Entree's joint venture partner, OTLLC, continues to explore various targets on the Entree-OTLLC joint venture ground. One diamond drill is currently operating north of the Hugo North Extension deposit along the OT Trend.
Entree has identified two gold zones, Zone III and the Argo Zone, on its 100% owned ground. Trenching in 2012 has confirmed and expanded the mineralization discovered last year by reverse circulation ("RC") drilling, returning up to 81.4 grams/tonne gold over 3 metres within a broader mineralized zone approximately 400 metres long by 130 metres wide. The Argo Zone mineralization is near surface and warrants further exploration.
Ann Mason, Nevada
Entree's second major asset is the Ann Mason Project in the Yerington district of Nevada. The project is well located close to major infrastructure and in a low-risk, mining friendly jurisdiction.
On October 24, 2012, the Company announced the results of a positive Preliminary Economic Assessment ("PEA") for its 100%-owned Ann Mason copper-molybdenum porphyry deposit in Nevada.
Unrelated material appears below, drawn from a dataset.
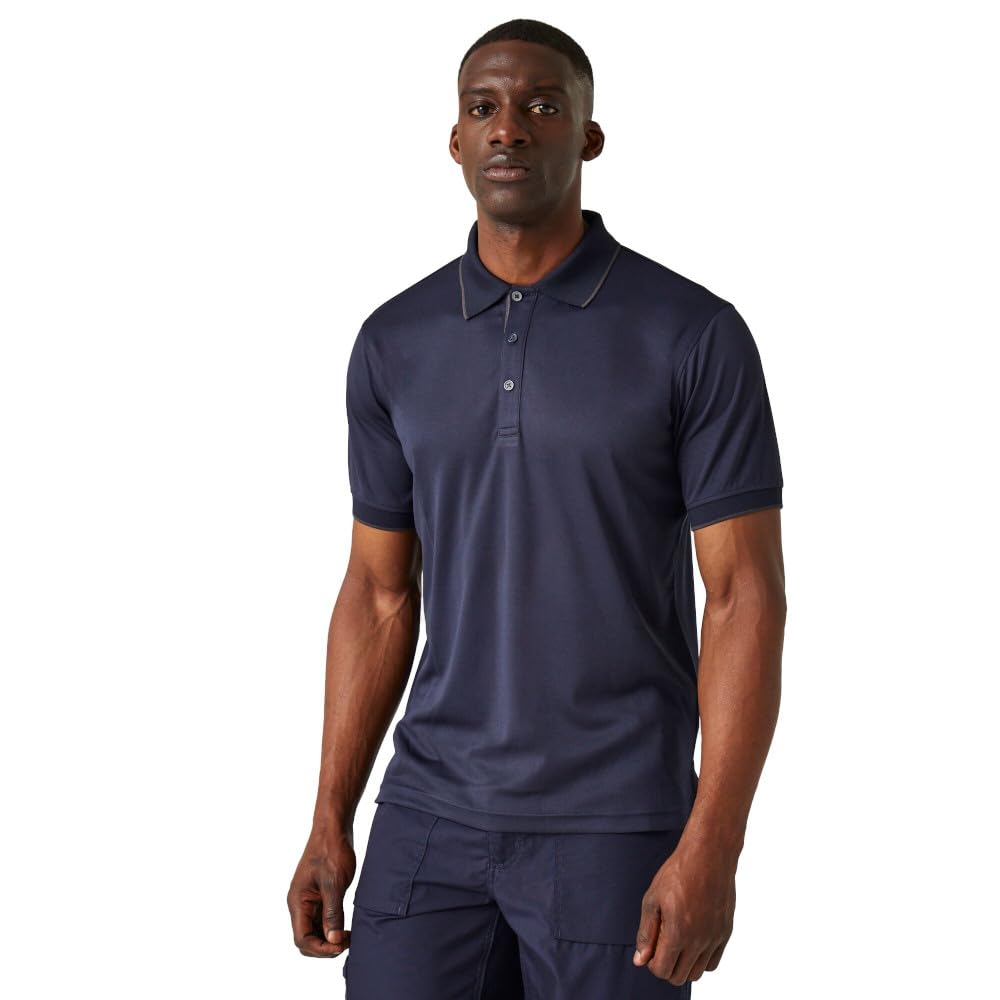 Regatta Professional Mens Navigate Short Sleeved Polo Shirts Navy/Grey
Ann Mason is expected to yield a base case, pre-tax, 7.5% net present value ("NPV7.5") of $1.11 billion and an internal rate of return ("IRR") of 14.8%, using assumed copper, molybdenum, gold and silver prices of $3.00/lb, $13.50/lb, $1,200/oz and $22/oz, respectively. Using October 15, 2012 spot commodity prices of $3.71/lb copper, $10.43/lb molybdenum, $1,736/oz gold and $33.22/oz silver, the pre-tax NPV7.5 and IRR increase to $2.54 billion and 22.9%, respectively. Preliminary metallurgical test results from Ann Mason are very encouraging and indicate potential for a high quality copper concentrate with no deleterious elements.
The PEA envisions an open pit and conventional sulphide flotation milling operation with an initial 24 year mine life. Over the life of mine, Ann Mason is estimated to produce an annual average of 214 million pounds of copper at total cash costs per pound sold, net of by-product sales, of $1.46 per pound copper (see "non-U.S. GAAP performance measures" below). The PEA is preliminary in nature and includes inferred mineral resources that are considered too speculative geologically to have the economic considerations applied to them that would enable them to be categorized as mineral reserves, and there is no certainty that the PEA will be realized. Mineral resources that are not mineral reserves do not have demonstrated economic viability.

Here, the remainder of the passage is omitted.